Lifetime Achievement Awardee
Helen “Lena” Astin’s interest in psychology, gender, and career development began at an early age. In her memoir, The Road From Serres: A Feminist Odyssey, she recounts walking through her neighborhood as a small child, asking other children questions from the Stanford-Binet IQ test. She began tuning in to gender discrimination, particularly around career choices and development, when her own parents discouraged her from pursuing architecture or physics because they were “male occupations.”
Born in Greece in 1932, she endured the occupation of World War II and subsequent Greek Civil War before arriving by boat in New York in 1951. Learning English at the same time she was studying, she quickly earned her undergraduate and Master’s degrees in psychology before pursuing her Ph.D. at the University of Maryland. A groundbreaker even then, she was just the second woman to be conferred with a Ph.D. in psychology from the university. While there, she met her life partner and frequent collaborator, Alexander “Sandy” Astin.
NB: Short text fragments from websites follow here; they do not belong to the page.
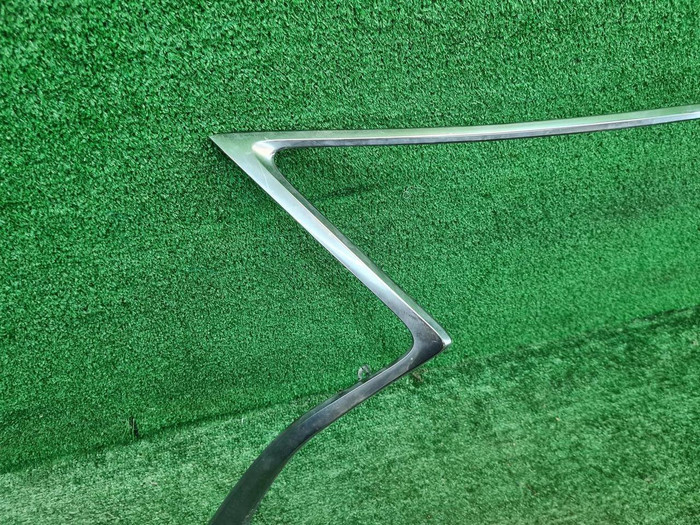 Молдинг решетки радиатора Lexus RX 4 (2019-2022)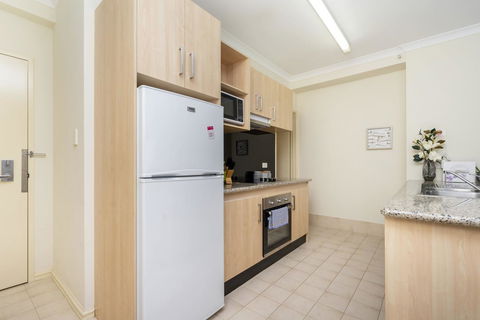 Oversized Eastend Sleeps 6 Free PARKING+POOL WIFI - Accommodation Rockhampton 17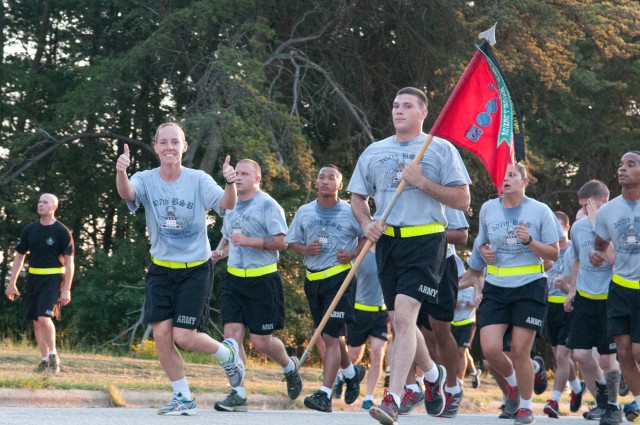Devil brigade paratroopers stay motivated during XVIII Airborne Corps run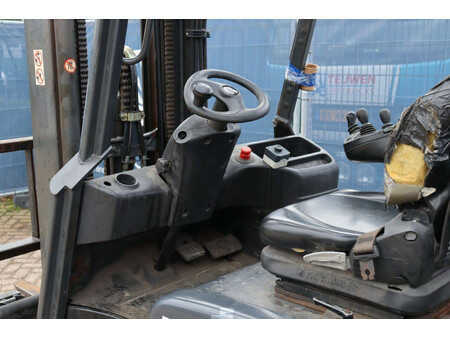 Eléctrica de 4 ruedas 2016  Linde E30HL-01/600 (23)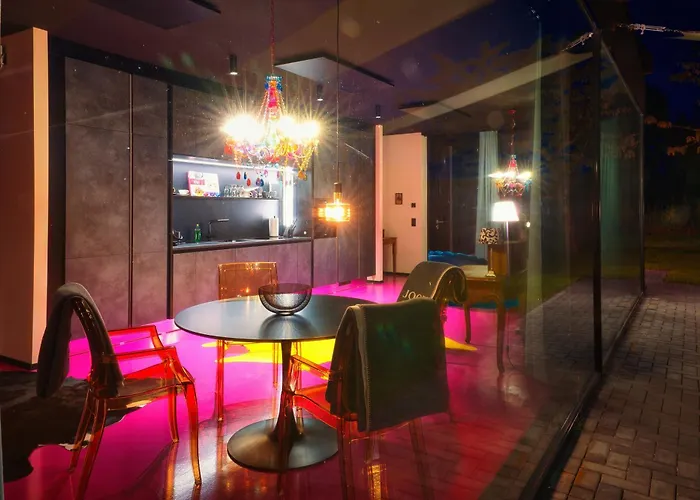 Daire Mit Pool Little King, Little Dagobert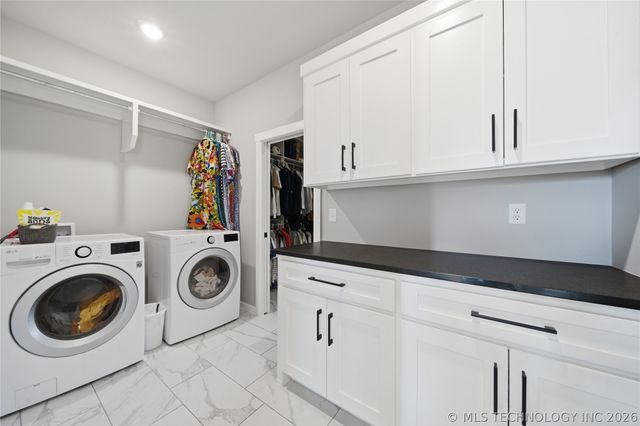 15 W 166th Place S, Glenpool, OK 74033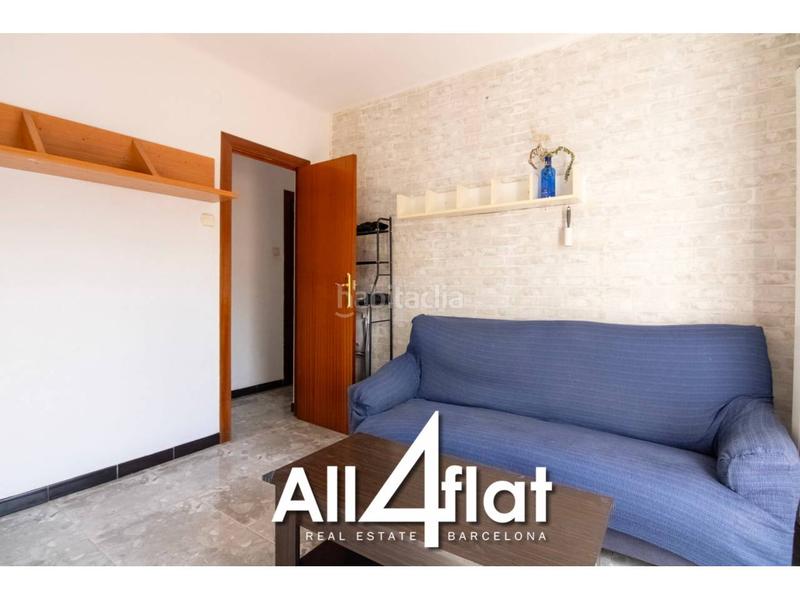 Foto f0131db6-283c-44ae-98be-2448fd15d26c. Alquiler ático estudio amueblado con terraza privada y trastero en Pubilla Cases en Hospitalet de Llobregat (L´)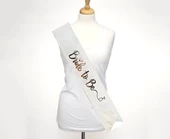 Beyaz Üzeri Gümüş İtalik Alyanslı Bride To Be Yazılı Simli Işıltılı Kuşak Kemer 10 Cm Genişlik thumbnail 1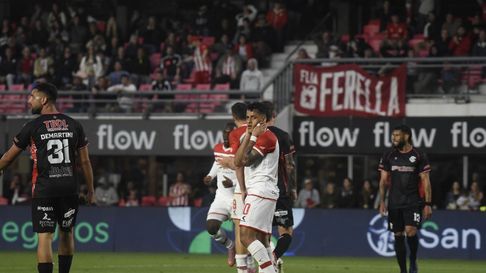 Tiago Palacios, después del insólito gol lícito anulado a Estudiantes Tiago Palacios, después del insólito gol lícito anulado a Estudiantes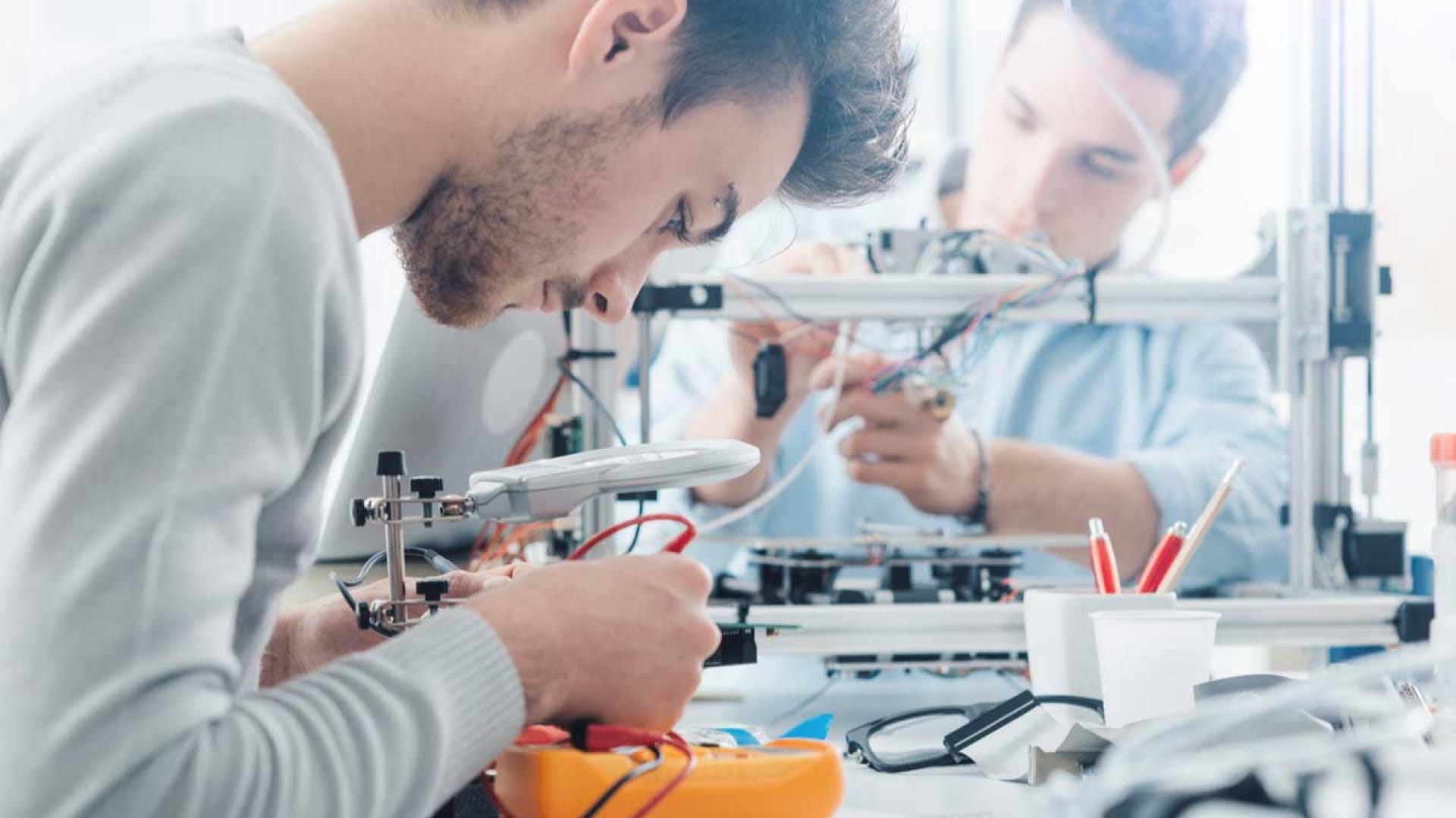 دراسة تخصص الروبوتات والأتمتة في تركيا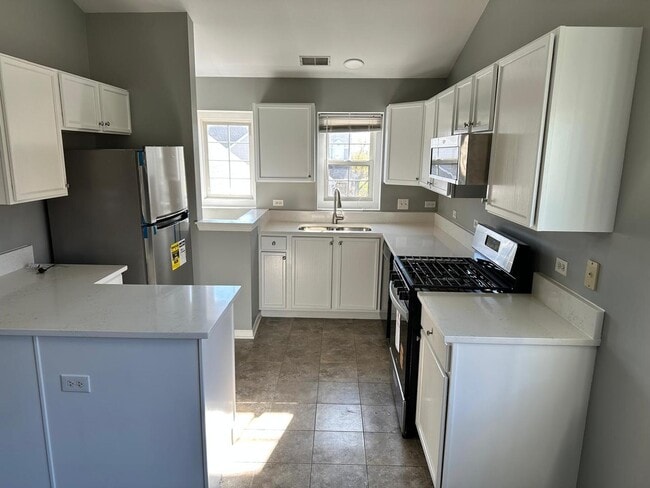 Building Photo - 2211 Waterleaf Ct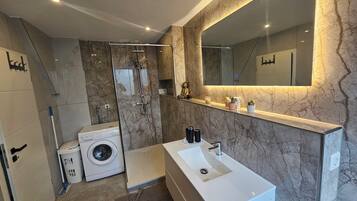 Dutxa, assecador de cabells, tovalloles i sabó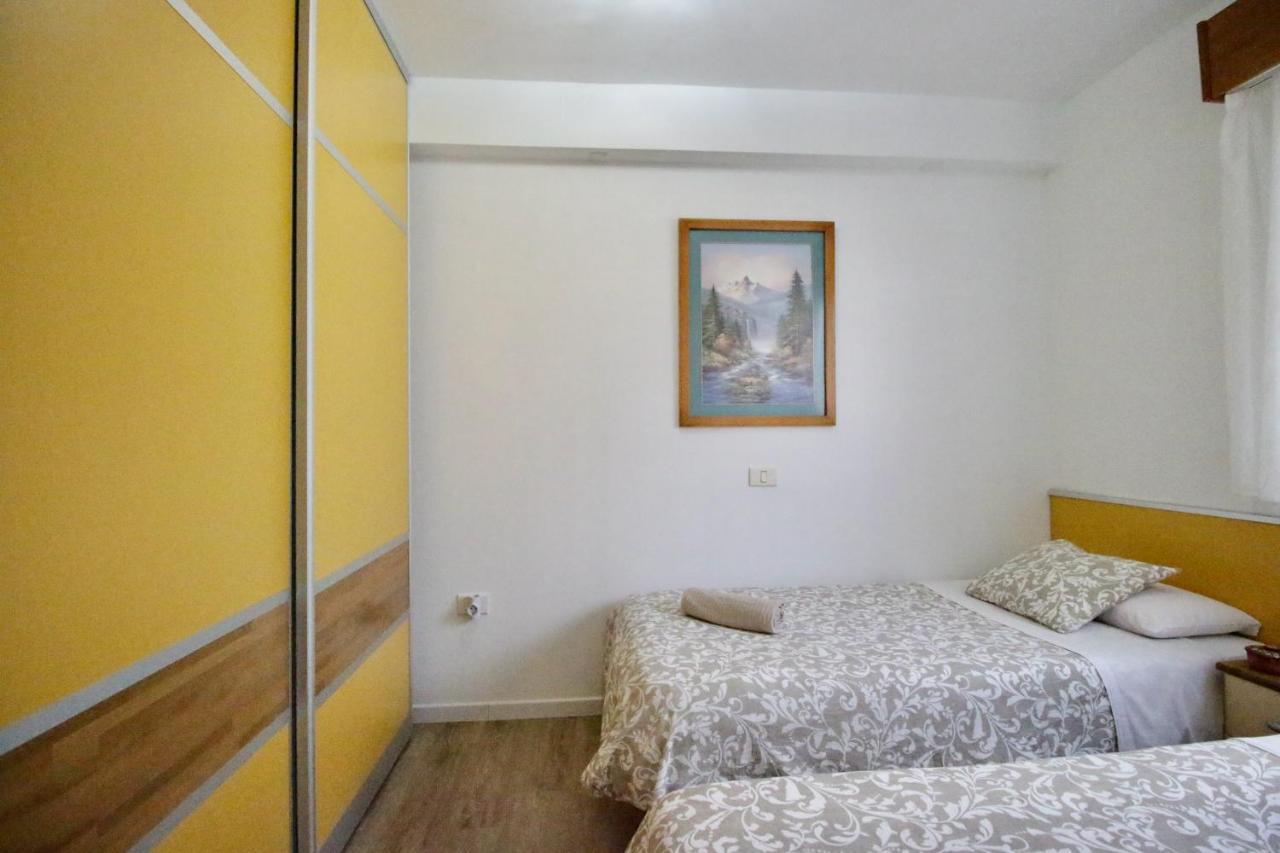 Ohana Atico Avenida Chayofita Los Cristianos  Exterior foto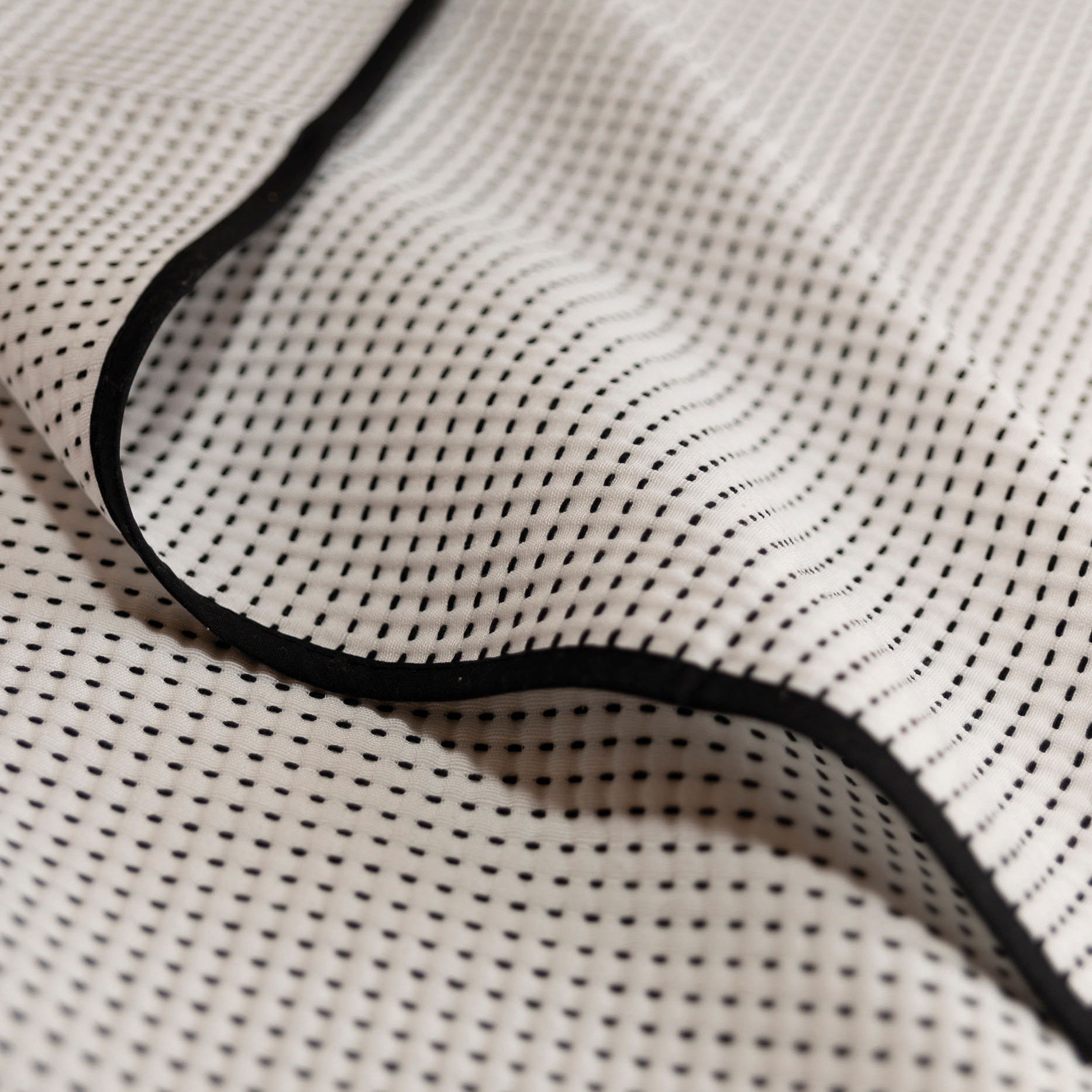 Naturals - Colcha Bouti - 50% Algodón - 50% Poliéster - Jacquard - Alba Negro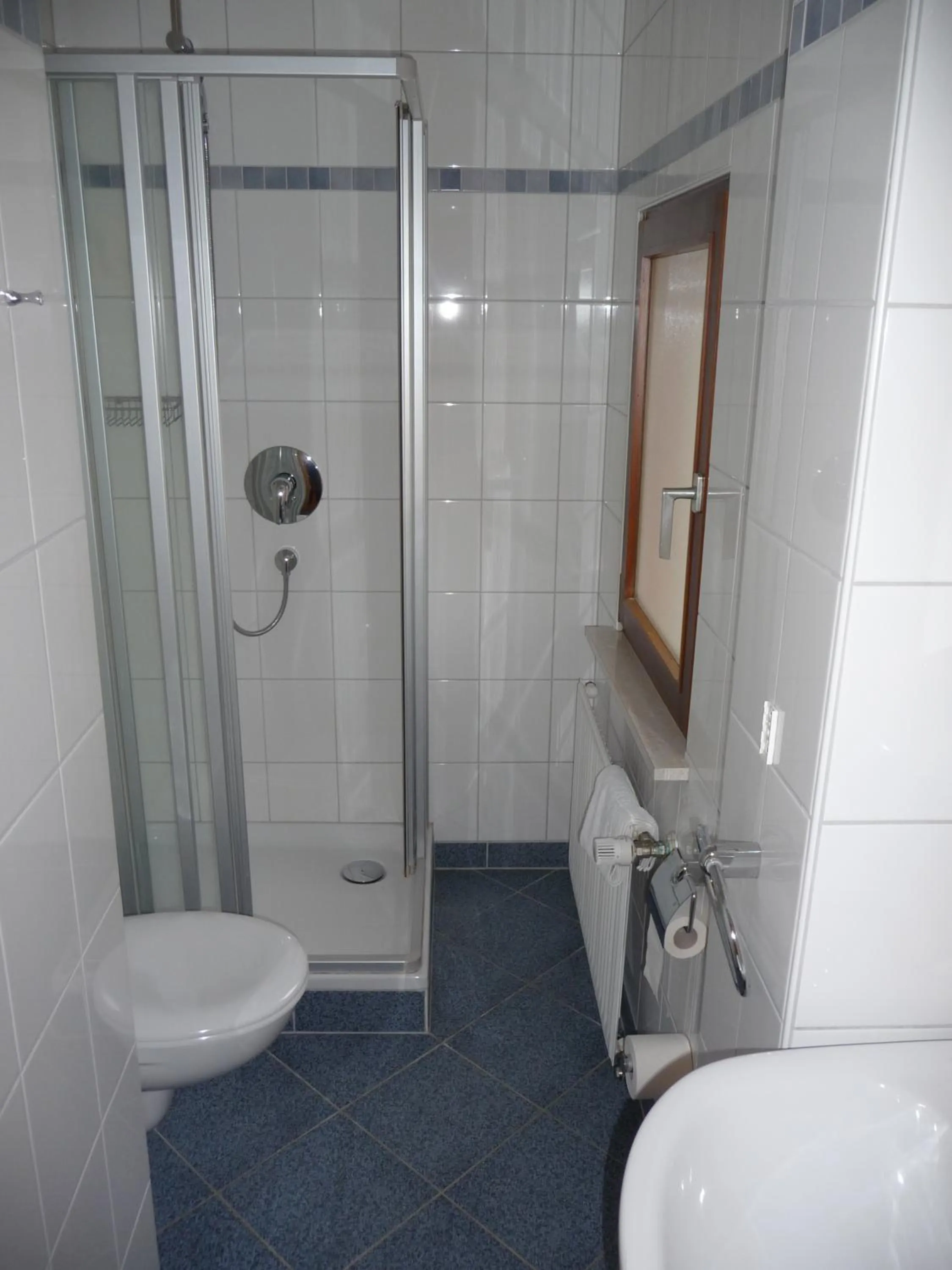 Bathroom in Gasthaus-Pension Zum Kreuz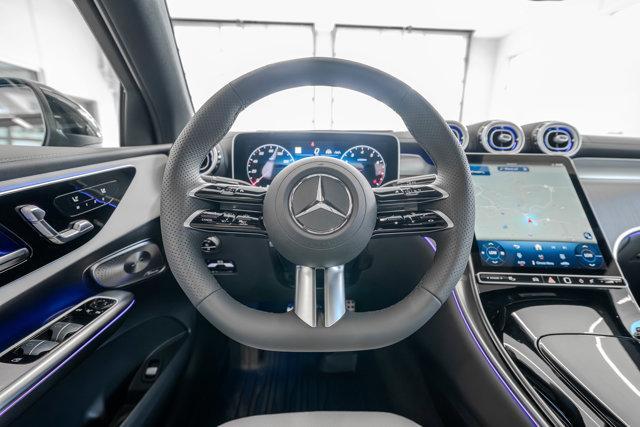 new 2025 Mercedes-Benz GLC 300 car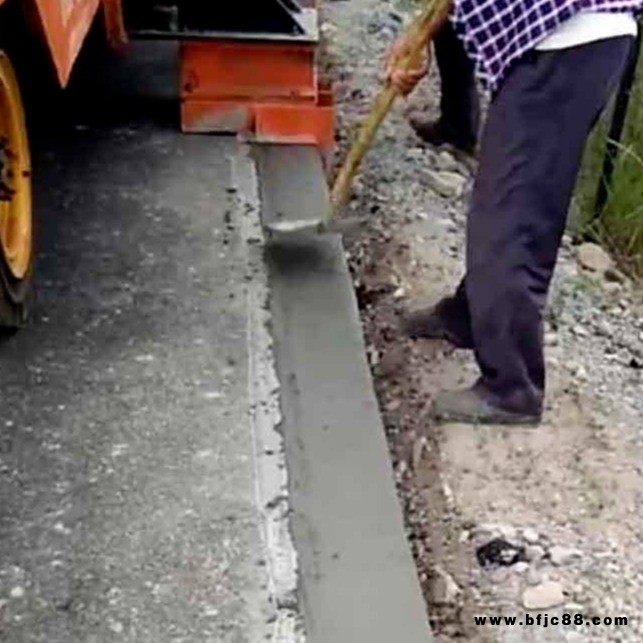 華水路緣石滑模成型機(jī) 路沿石成型機(jī)價(jià)格 路緣成型機(jī)廠家價(jià)格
Astin’s early career included a number of different positions where she simultaneously utilized her training while managing a young family — an experience that reinforced for her the inherent societal bias in notions privileging male workers and career trajectories. Her 1969 book, The Woman Doctorate in America, documented and debunked these notions. Coinciding with the women’s movement in the U.S. and her move to the University of California, Los Angeles (UCLA) in 1973, her work began gaining traction. At UCLA she co-created the Higher Education Research Institute and co-founded the Center for the Study of Women. Her research and 14 books on women and leadership and her passion for addressing gender disparity in leadership opportunities and career development impacted a generation of women in higher education. Her legacy continues to influence and shape work in the field today and infuse it with purpose.